As if reading his sad thoughts, the communicator suddenly clinked in the adjacent room.

Robert tapped the callsign for the door, entered, stucked his forefinger at the singing screen on the wall, and, while it was loading, hastily brushed his hair and winked at himself in front of the dark screen, like in front of a mirror.

"Hello, my homeland, how did you sleep without me?" he uttered in a low pleasant voice to the cursor, that was still blinking in the middle of the screen.
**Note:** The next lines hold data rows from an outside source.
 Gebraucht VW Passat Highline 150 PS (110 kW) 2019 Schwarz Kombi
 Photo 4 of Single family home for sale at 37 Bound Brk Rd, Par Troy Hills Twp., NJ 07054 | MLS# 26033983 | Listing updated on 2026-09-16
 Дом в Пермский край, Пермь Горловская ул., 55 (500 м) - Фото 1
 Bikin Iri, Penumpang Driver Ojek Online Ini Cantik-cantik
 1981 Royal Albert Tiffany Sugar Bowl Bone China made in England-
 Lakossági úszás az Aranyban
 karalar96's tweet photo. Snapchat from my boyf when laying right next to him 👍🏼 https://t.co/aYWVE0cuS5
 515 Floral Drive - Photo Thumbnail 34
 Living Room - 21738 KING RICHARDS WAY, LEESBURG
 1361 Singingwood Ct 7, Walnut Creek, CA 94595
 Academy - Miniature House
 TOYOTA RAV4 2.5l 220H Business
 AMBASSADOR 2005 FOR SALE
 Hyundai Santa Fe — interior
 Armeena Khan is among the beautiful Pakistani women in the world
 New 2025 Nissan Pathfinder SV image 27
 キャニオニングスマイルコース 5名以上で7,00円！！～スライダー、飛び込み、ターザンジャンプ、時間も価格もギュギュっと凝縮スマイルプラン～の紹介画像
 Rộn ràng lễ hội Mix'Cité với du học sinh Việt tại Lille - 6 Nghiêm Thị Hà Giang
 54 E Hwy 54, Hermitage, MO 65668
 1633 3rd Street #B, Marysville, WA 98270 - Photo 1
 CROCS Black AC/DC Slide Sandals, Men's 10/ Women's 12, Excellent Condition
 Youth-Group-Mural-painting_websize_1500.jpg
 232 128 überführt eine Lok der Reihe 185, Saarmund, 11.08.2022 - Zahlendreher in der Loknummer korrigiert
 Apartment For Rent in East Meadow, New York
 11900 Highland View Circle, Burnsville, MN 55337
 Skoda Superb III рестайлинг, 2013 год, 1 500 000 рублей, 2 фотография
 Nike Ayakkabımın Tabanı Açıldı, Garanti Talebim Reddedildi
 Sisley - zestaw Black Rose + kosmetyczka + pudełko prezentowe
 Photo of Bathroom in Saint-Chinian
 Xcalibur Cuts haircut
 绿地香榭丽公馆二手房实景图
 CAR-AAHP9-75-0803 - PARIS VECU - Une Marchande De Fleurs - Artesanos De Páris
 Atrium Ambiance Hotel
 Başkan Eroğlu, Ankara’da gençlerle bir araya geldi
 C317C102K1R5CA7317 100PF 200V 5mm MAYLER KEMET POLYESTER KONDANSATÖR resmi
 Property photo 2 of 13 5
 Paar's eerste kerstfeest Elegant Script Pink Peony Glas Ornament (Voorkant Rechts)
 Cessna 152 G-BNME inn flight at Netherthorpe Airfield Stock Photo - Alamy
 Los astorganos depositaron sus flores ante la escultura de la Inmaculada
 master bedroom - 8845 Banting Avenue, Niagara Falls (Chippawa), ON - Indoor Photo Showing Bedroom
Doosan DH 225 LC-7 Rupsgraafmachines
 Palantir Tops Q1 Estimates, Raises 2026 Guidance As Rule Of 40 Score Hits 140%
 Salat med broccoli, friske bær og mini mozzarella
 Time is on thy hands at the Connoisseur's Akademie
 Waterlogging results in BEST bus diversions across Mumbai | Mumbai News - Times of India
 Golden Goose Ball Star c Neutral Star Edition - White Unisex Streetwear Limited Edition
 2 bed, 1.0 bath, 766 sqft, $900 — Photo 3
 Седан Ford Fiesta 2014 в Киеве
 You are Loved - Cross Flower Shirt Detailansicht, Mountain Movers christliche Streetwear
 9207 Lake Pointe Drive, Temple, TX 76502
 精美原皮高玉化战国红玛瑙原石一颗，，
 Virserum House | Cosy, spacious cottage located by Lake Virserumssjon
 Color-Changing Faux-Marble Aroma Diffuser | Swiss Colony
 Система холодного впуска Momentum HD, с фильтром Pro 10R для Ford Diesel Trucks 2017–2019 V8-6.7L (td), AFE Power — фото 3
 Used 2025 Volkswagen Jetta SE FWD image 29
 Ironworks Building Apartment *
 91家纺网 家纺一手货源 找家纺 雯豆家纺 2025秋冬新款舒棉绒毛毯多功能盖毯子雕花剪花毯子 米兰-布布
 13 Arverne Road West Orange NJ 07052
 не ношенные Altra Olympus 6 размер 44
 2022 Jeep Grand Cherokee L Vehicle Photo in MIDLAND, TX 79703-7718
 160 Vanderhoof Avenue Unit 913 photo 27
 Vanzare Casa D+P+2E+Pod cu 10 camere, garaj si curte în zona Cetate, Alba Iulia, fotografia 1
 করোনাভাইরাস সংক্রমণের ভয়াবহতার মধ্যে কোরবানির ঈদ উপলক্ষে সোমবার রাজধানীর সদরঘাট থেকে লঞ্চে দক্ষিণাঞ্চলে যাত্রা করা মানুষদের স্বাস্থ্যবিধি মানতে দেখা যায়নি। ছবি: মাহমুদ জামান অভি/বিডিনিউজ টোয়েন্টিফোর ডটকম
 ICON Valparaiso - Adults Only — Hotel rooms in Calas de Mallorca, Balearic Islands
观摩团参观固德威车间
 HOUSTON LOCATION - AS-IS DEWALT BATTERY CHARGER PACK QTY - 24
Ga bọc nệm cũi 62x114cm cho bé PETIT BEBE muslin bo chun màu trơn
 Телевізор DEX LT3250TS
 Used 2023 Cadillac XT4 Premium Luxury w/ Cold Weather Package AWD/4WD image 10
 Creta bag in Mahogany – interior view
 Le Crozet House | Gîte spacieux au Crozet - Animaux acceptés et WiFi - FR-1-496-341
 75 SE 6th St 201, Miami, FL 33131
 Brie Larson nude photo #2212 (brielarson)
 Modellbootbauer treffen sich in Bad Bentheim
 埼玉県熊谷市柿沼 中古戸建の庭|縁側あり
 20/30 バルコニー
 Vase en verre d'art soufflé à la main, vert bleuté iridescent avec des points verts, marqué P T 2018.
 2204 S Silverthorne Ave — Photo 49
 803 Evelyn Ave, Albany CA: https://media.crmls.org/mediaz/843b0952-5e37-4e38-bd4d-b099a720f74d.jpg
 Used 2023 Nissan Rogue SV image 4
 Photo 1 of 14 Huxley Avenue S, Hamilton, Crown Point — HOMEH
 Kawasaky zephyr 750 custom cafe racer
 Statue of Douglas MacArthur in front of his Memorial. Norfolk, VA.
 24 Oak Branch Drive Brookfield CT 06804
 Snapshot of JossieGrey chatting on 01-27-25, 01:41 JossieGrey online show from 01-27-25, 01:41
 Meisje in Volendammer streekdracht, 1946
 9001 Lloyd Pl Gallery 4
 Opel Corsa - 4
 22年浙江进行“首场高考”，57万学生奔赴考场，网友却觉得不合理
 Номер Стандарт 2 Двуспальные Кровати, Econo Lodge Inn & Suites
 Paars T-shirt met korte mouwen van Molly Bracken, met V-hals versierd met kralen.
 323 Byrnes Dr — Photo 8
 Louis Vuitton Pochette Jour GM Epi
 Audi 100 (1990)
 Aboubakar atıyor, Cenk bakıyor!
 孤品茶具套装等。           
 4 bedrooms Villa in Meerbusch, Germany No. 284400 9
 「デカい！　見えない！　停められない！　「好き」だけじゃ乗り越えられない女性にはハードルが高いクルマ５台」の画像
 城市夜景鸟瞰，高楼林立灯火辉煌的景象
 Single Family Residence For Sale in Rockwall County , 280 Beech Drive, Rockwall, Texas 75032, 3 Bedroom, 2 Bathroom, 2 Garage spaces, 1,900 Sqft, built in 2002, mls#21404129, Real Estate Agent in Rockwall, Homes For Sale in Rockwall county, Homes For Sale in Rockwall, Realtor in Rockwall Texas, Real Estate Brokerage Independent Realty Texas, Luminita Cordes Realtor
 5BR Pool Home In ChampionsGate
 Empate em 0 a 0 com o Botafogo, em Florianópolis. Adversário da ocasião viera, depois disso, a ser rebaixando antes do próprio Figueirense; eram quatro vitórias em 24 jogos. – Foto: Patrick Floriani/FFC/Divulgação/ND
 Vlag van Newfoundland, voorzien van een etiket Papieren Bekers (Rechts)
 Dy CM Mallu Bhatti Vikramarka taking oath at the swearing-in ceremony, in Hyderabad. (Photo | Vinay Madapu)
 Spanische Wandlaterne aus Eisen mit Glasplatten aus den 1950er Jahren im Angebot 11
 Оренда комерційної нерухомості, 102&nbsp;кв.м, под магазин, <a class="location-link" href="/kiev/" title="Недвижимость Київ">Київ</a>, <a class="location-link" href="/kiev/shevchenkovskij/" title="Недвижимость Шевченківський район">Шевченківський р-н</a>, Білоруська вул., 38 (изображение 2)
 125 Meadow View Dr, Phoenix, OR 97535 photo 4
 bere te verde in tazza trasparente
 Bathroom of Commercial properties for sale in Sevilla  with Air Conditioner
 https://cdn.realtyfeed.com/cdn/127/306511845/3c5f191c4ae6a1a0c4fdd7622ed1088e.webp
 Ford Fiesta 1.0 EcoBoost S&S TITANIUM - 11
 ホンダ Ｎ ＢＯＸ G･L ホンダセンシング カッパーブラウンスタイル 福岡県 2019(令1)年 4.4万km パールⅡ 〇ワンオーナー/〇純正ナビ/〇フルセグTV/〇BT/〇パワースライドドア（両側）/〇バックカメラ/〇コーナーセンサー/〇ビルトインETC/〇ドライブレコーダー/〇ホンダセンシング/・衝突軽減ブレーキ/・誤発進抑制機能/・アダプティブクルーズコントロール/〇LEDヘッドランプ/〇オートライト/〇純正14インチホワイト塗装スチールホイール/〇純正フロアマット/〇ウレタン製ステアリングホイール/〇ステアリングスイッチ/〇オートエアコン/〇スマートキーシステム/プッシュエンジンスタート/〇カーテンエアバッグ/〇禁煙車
"Hi, Bob," the lighted screen responded in a nervous voice, and Lully Kerning's frightened freckled face emerged from the depths of the screen. "All is not going very well. Hawaii was stormy, the next oil tanker got spilled out into the Yellow Sea, and Mexico was digging up some sort of infection that no one knows how to cure. And how are you?"

"Well, probably not as bad as you there, below. We've neither tankers here nor contagion," Robert joked in response without thinking and gasped: "What are you talking about, Lully? What kind of infection?"

"I'm not alone today," Lully said, hold her hand out above the screen, and the scale has immediately changed, revealing a crowded control room, in which not only the due group was on duty, but also a lot of strangers. "Mr. Gilels, it's Mr. Vandarli."

"Hello, Mr. Vandarli."

Mr. Gilels was a lean man with a long face, who was sitting on the right of Lully.